# Tips for Growing Red Winter Wheat?



## SageAdvicefarmgirl (Jun 23, 2011)

We hope to start a small plot of Red Winter Wheat. Any Tips? In our area, (Arkansas) they plant in mid-Sept to mid-Oct, for a June harvest.


----------



## SageAdvicefarmgirl (Jun 23, 2011)

SageAdvicefarmgirl said:


> We hope to start a small plot of Red Winter Wheat. Any Tips? In our area, (Arkansas) they plant in mid-Sept to mid-Oct, for a June harvest.


No tips from the forum but I'm checking with my local Farm Center. Will keep track of as much info and results as i can and post regularly for those who may want to follow up with their own!


----------



## siletz (Aug 23, 2011)

I am interested to see what you learn, as I have thought about a small plot of wheat myself.


----------



## *Andi (Nov 8, 2009)

http://www.preparedsociety.com/forum/f14/small-scale-grain-growing-6442/

I had a thread going but let it drop ... Our own little experiment...

It worked well for us.


----------



## Graebarde (Aug 30, 2011)

SageAdvicefarmgirl said:


> We hope to start a small plot of Red Winter Wheat.
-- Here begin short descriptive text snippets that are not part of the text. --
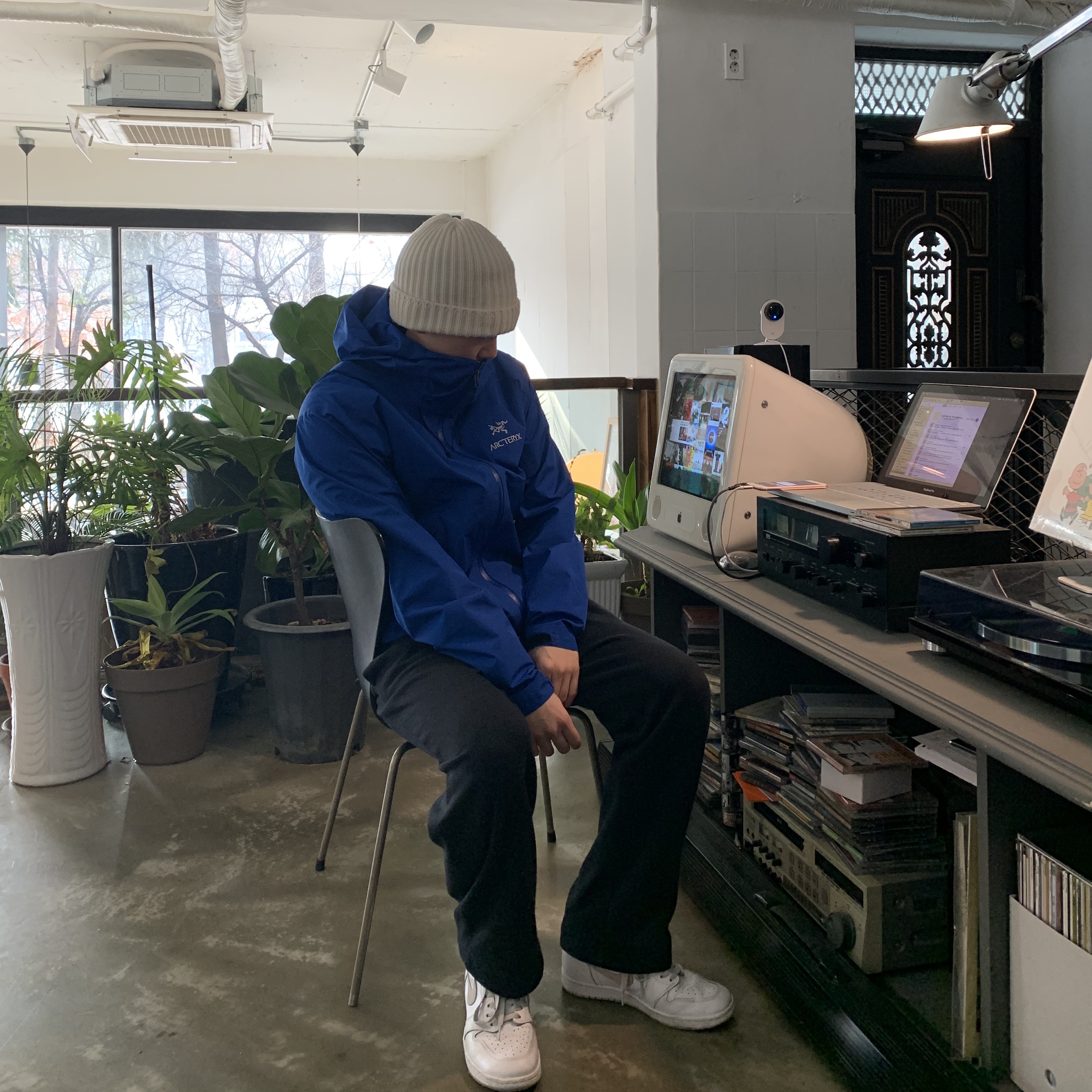 Arc'teryx Beta LT Jacket Vitality, Needles Merino Wool Watch Cap Black 착용 스타일 - 3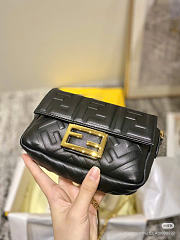 FENDI | Baguette Mini Leather Black - 3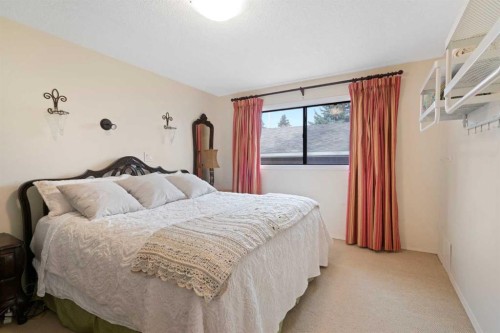9632 Oakcliffe Drive Sw, Calgary, AB - Indoor Photo Showing Bedroom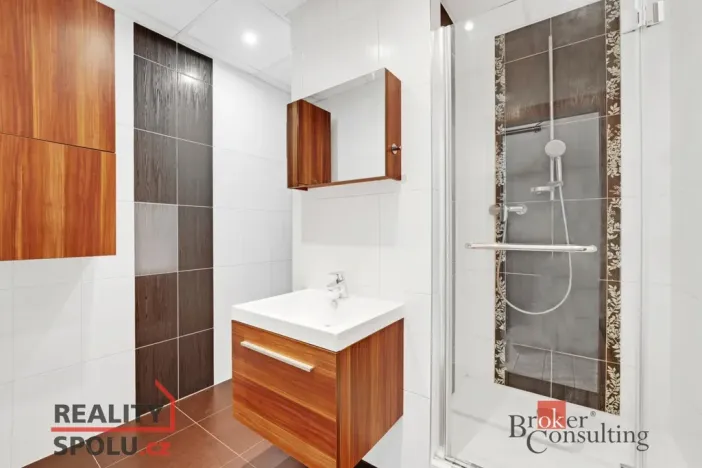 Pronájem bytu 1+1, Litoměřice - Předměstí, Topolčianská, 35 m2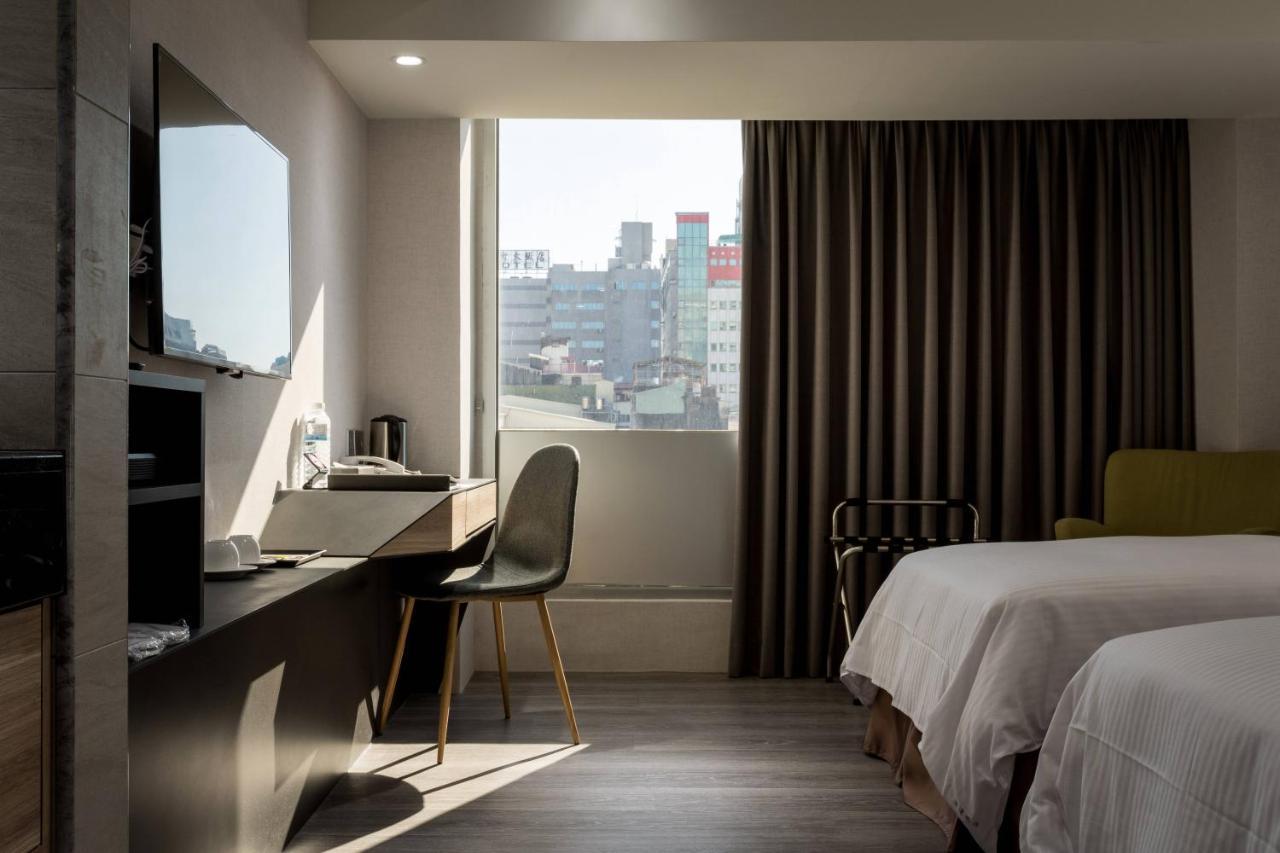 D D Hotel Тайнан Екстериор снимка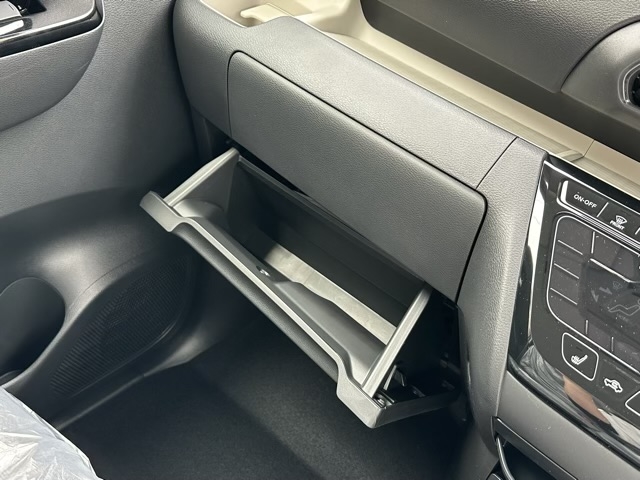 デリカミニ(三菱)届出済未使用車 23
Any Tips? In our area, (Arkansas) they plant in mid-Sept to mid-Oct, for a June harvest.


Sage.. I just posted some on it at the other thread. I would suggest you stick to the local planting times as it reduces the chance for Hessian fly. Also to increase the yield, you should 'graze it back' to encourage tillering once it is established good, but before any chance of snow/hard freeze.

I wish you luck in your endeavor. I wish I had a penny for every acre of wheat I've planted and harvested in my life.. FB


----------



## SageAdvicefarmgirl (Jun 23, 2011)

Thanks for the advice! I heard the same about tillering from another source...will keep y'all posted!


----------



## Frugal_Farmers (Dec 13, 2010)

Talk to your local Extension Services agent. Ours was a big help. We are doing a test patch of oats and wheat this year.

Good luck to ya.


----------



## gypsysue (Mar 27, 2010)

I've grown wheat, rye, and oats, and always planted them in the spring for a fall harvest. This year I'm going to try planting this fall for a spring/early summer crop. I don't have any experience doing it this way, but here goes...


----------